REPUBLIKA.CO.ID, JAKARTA -- Anggota Komite Eksekutif Koalisi Aksi Menyelamatkan Indonesia (KAMI), Ahmad Yani, menjalani pemeriksaan sebagai saksi selama enam jam, sejak pukul 14.00 hingga 20.00 WIB, Jumat (4/12). Ia mengaku dicecar 24 pertanyaan oleh penyidik Mabes Polri. Salah satunya mengenai sebuah konten di Youtube.
"Jadi ada Youtube yang ditanyakan kepada saya dan Youtube itu ditandatangani oleh presidium KAMI. Itu pernyataan resmi kami atas rencana mogok nasional yang dilakukan buruh sebelum pengesahan Undang-undang Omnibuslaw," ujar Ahmad Yani di Mabes Polri, Jakarta Selatan, Jumat (5/12).

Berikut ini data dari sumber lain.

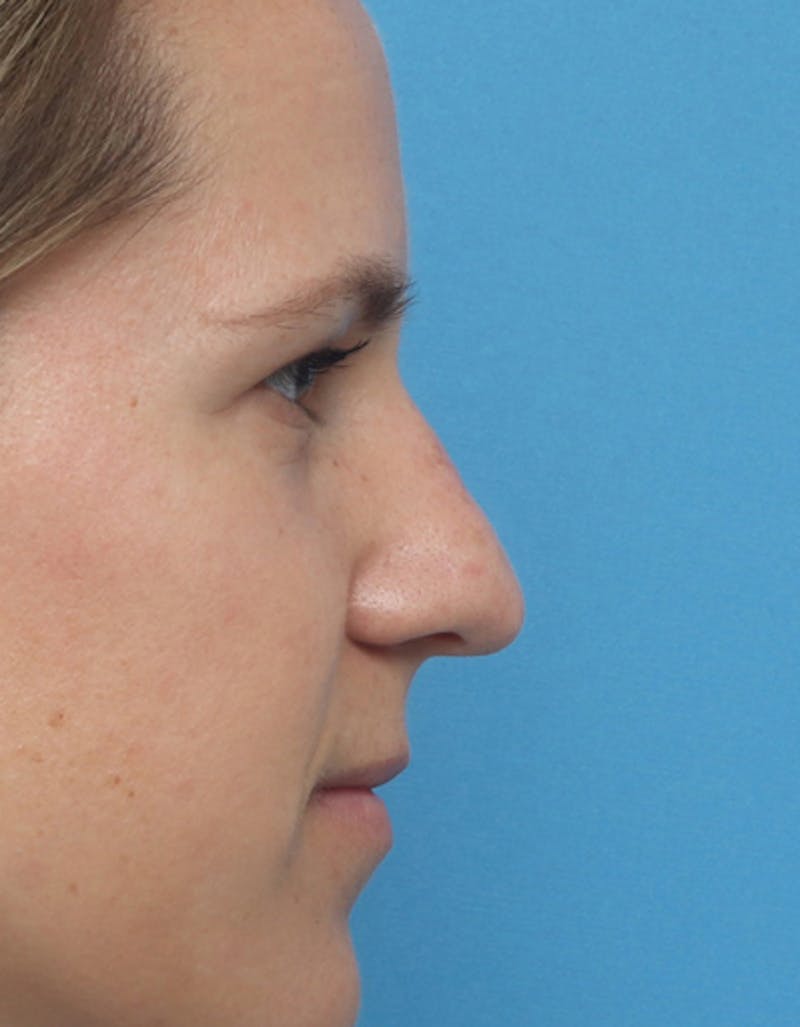Patient Hn7-ZLvUQmC44lSPDgBDAg - Rhinoplasty Before & After Photos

Kendati demikian, Ahmad Yani mengaku tidak mengetahui secara pasti siapa pembuat dan pengunggah Youtube tersebut. Dalam video itu tidak ada gambar tapi hanya terdengar suara yang diduga milik Anton Permana menarasikan pernyataan resmi KAMI terkait dukungan perencanaan aksi mogok nasional buruh menolak Undang-undang Undang-undang Ciptakerja.
Kemudian oleh penyidik, Ahmad Yani juga diperlihatkan bentuk PDF dari suara tersebut. Ternyata itu adalah surat resmi KAMI nomor 19 tertanggal 1 Oktober 2020 tentang dukungan terhadap aksi mogok nasional yang dilakukan kaum pekerja. Jadi, ia merasa heran kaitannya antara video Youtube dengan dirinya. Seolah-olah di dalam video itu adalah dirinya, padahal narasi itu merupakan pernyataan resmi yang ada di Whatsapp milik Anton Permana.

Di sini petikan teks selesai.